** DATA EXCERPT follows **

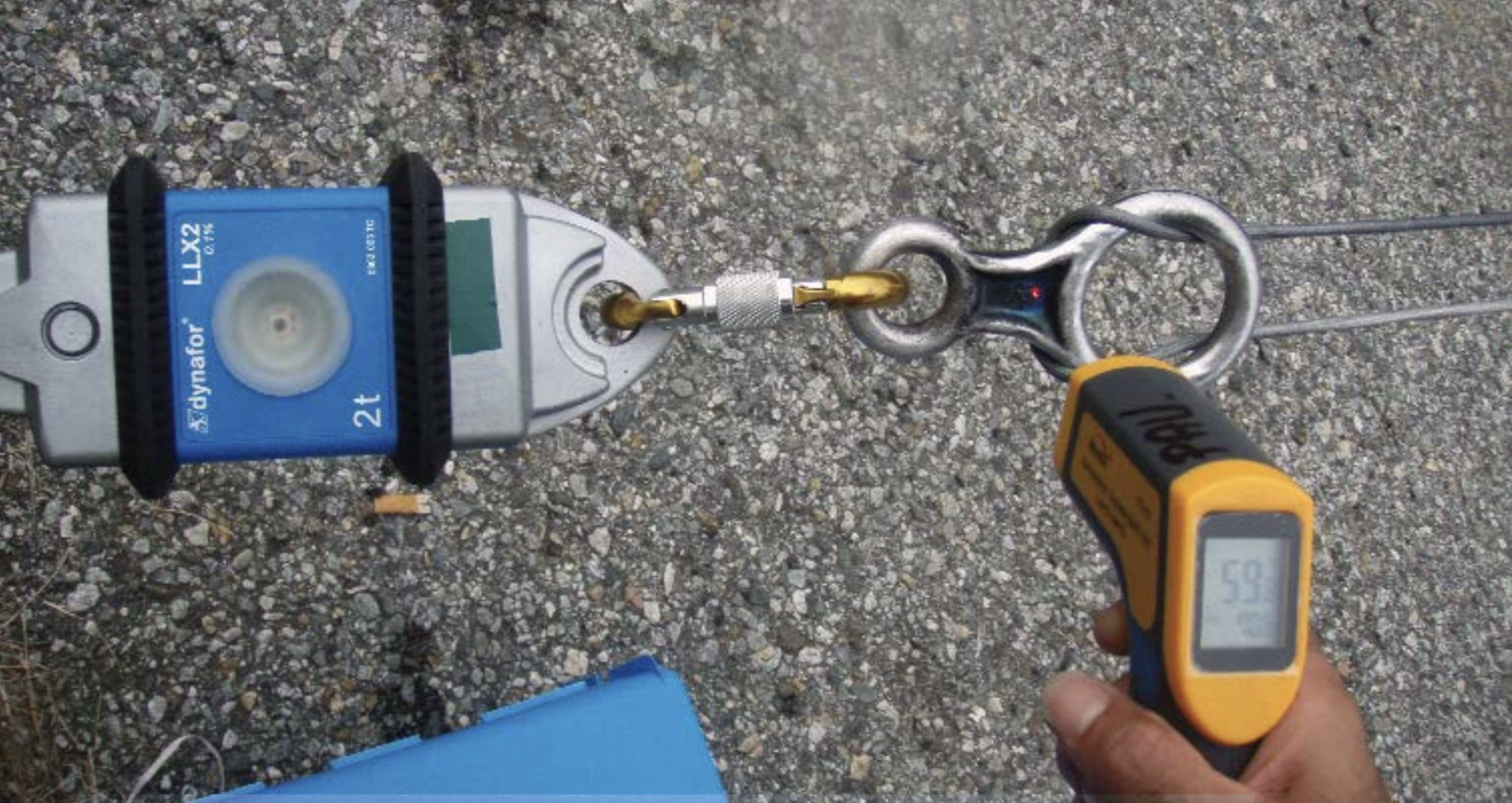 Descender temperature when rappelling on Dyneema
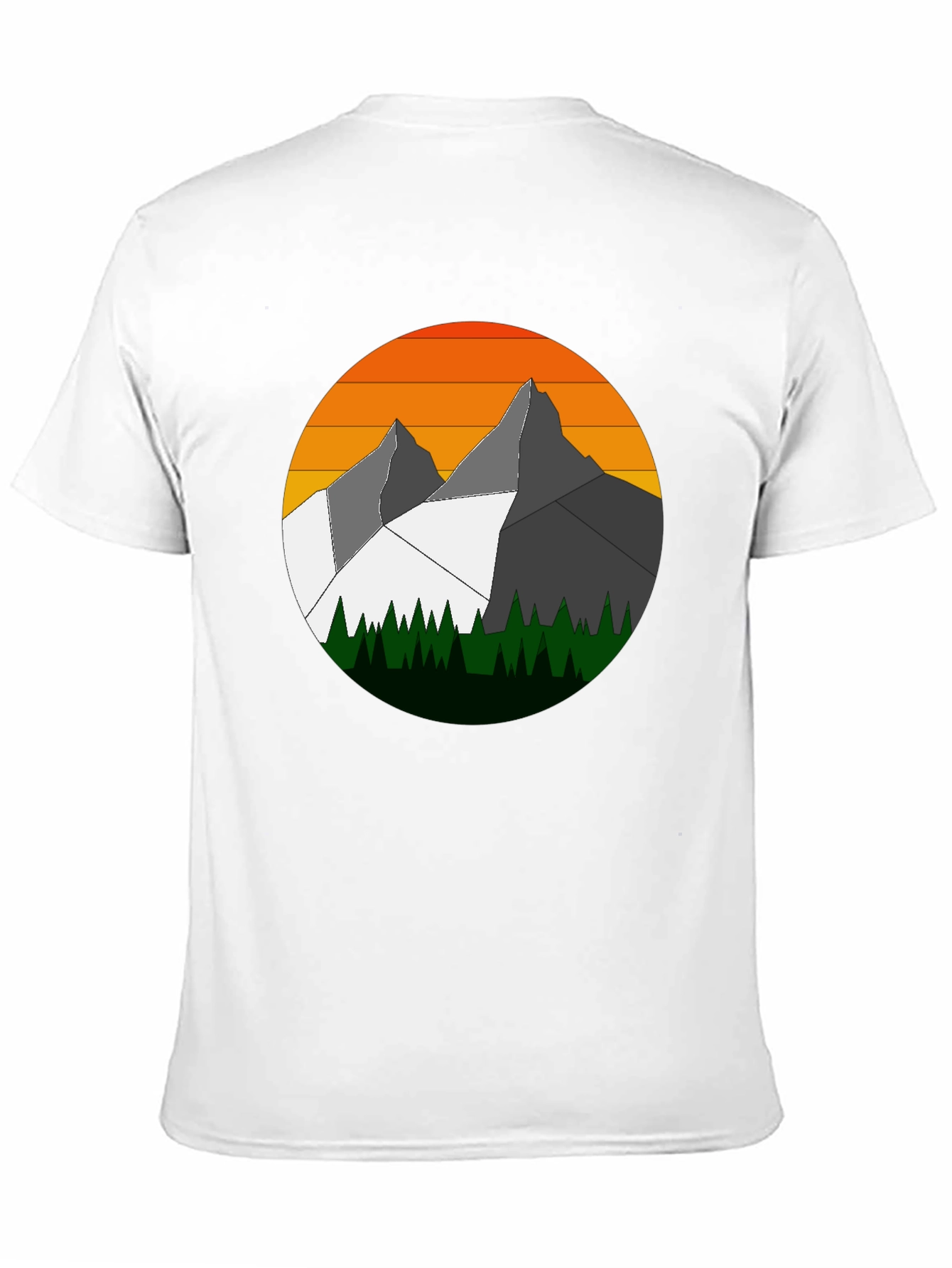 Mountain Sunset Graphic Tee - Nature Inspired Style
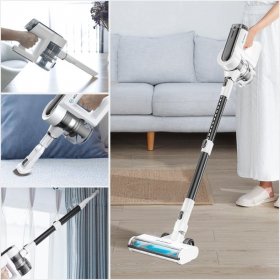 MOOSOO Cordless Vacuum Cleaner 4-in-1 Lightweight Stick Vacuum Cleaner for Hard Floors Carpet Pet Hair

** End of DATA EXCERPT **

[TASK STATEMENT] Repeat the listing exactly, minus its pictures.

[ANSWER BELOW]
 Descender temperature when rappelling on Dyneema
 Mountain Sunset Graphic Tee - Nature Inspired Style
 MOOSOO Cordless Vacuum Cleaner 4-in-1 Lightweight Stick Vacuum Cleaner for Hard Floors Carpet Pet Hair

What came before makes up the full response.